= Radial flux motor =

Type of electric motor

A radial flux motor generates flux perpendicular to the axis of rotation. By contrast, an axial flux motor generates flux parallel to the axis.

== Design ==
The features of a radial flux motor are placed on the sides. The copper windings are wrapped around slots.
A traditional radial flux BLDC motor places a rotor made of permanent magnets inside the stator. The stator contains support known as a yoke, which is outfitted with "teeth", individually wrapped with electromagnetic coils. The teeth function as alternating magnetic poles. The rotor’s magnetic poles interact with the alternating magnetic flux of the teeth, producing torque.

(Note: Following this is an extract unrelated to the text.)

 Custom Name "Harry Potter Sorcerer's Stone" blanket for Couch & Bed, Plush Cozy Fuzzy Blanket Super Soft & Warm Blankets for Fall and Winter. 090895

The use of grain-oriented steel in radial flux motors is challenging due to the curving geometry of the magnetic flux path.

=== Permanent magnet motors ===
Radial flux motors typically use less permanent magnet material, at the cost of lower torque density.

== Torque, speed, power ==
Torque, speed, and power are related by:

$P = T * \omega$

where P is mechanical power, T is torque, in Newton-metres, and ω is speed in radians/second.

== Thermal management ==
While permanent magnent radial flux motors offer considerably higher power than induction motors, they produce more heat, which must therefore be removed. This occurs either via conduction or air/water cooling, depending on application requirements.